What the task requires | In the records below, find the line with "Kids and nationalities", then copy each line exactly until you have copied the line with "GOLD & BLACK CYLINDER LINK CHAIN". Leave any picture out.

Given entries |
━━━━━━
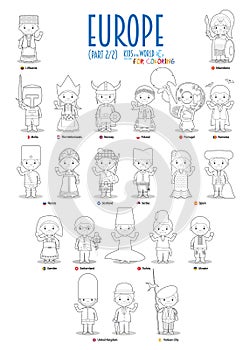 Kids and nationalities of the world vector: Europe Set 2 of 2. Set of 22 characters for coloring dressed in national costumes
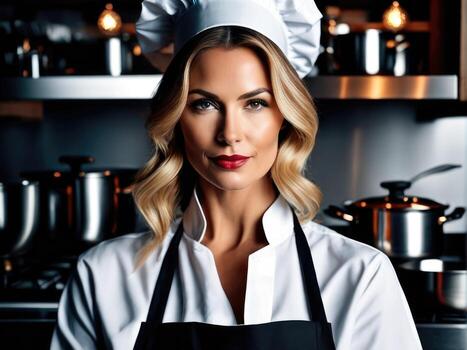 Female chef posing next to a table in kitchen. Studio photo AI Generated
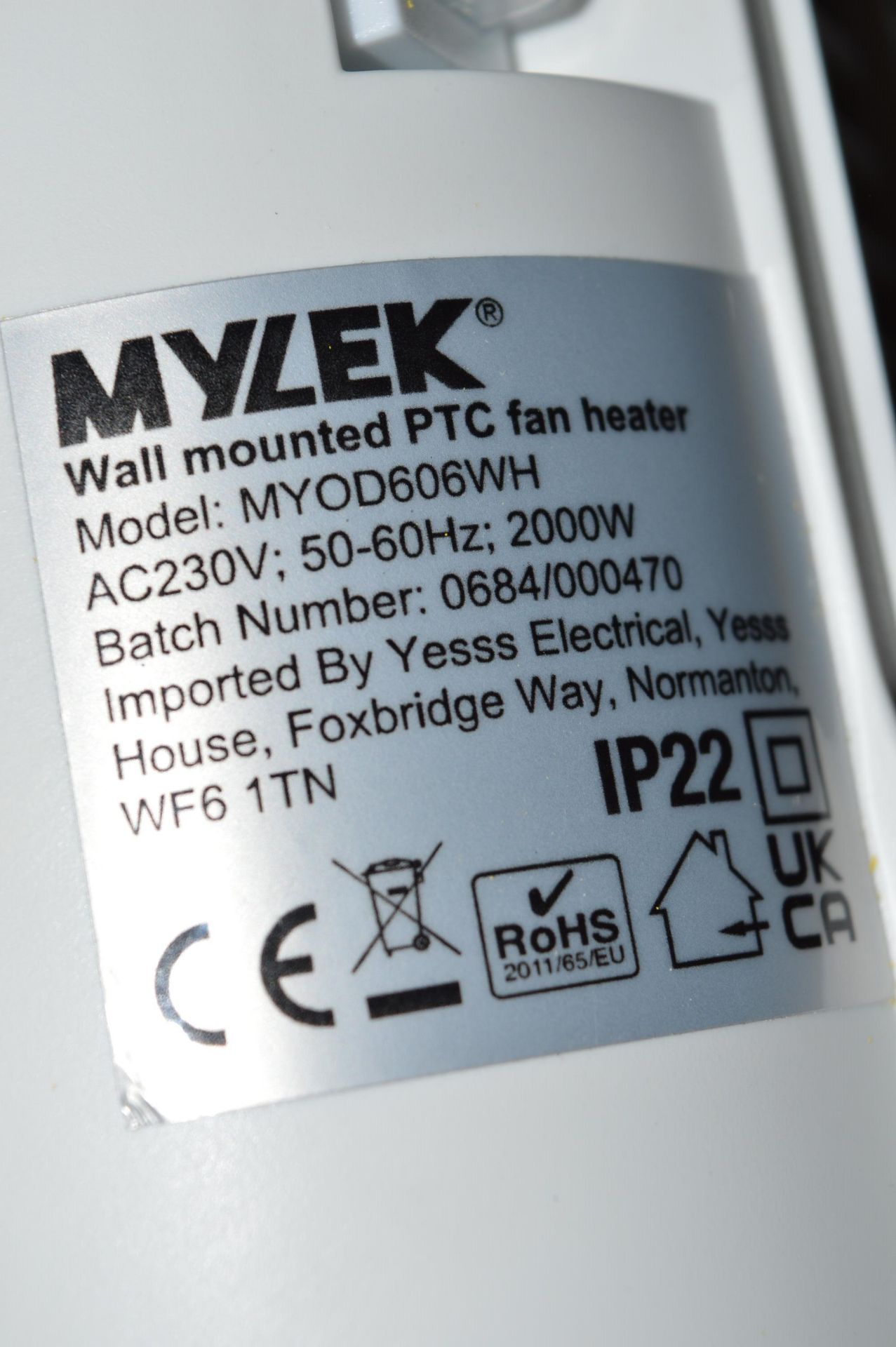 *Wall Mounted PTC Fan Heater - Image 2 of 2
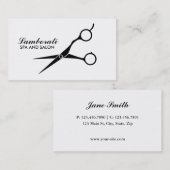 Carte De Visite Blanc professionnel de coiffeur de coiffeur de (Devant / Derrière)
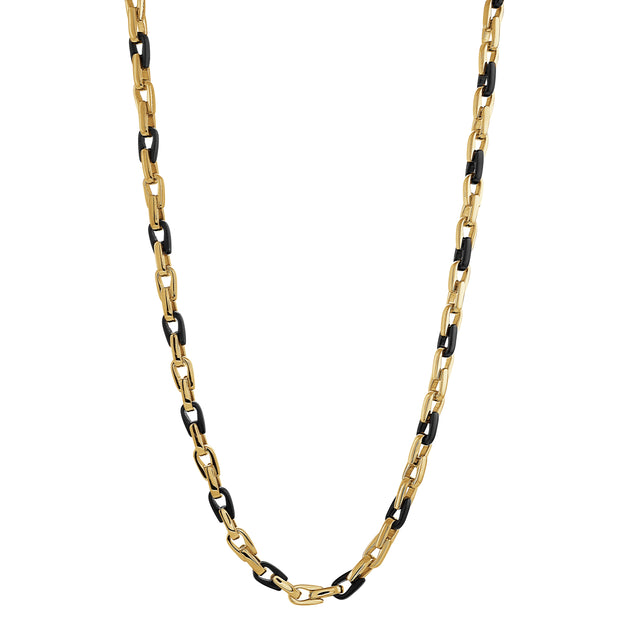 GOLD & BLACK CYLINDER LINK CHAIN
━━━━━━
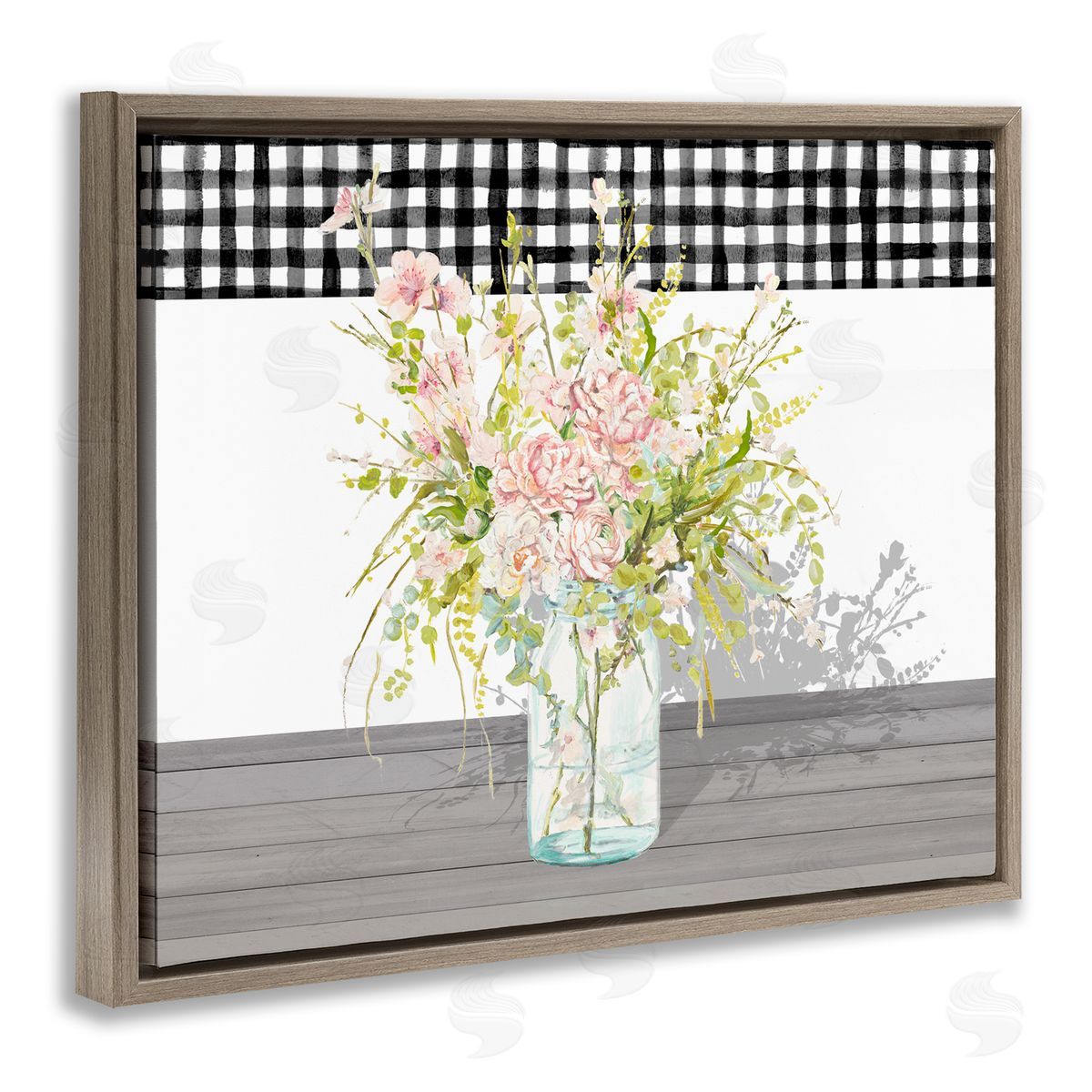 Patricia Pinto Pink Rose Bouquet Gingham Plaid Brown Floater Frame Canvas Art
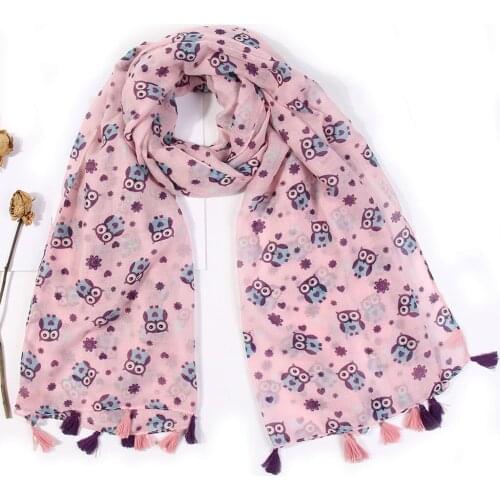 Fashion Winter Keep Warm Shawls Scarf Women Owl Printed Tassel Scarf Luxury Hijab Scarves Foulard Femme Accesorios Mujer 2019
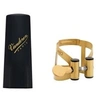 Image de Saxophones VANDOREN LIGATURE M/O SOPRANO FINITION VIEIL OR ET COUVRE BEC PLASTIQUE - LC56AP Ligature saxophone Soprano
━━━━━━
Your solution |
 Kids and nationalities of the world vector: Europe Set 2 of 2. Set of 22 characters for coloring dressed in national costumes
 Female chef posing next to a table in kitchen. Studio photo AI Generated
 *Wall Mounted PTC Fan Heater - Image 2 of 2
 Carte De Visite Blanc professionnel de coiffeur de coiffeur de (Devant / Derrière)
 GOLD & BLACK CYLINDER LINK CHAIN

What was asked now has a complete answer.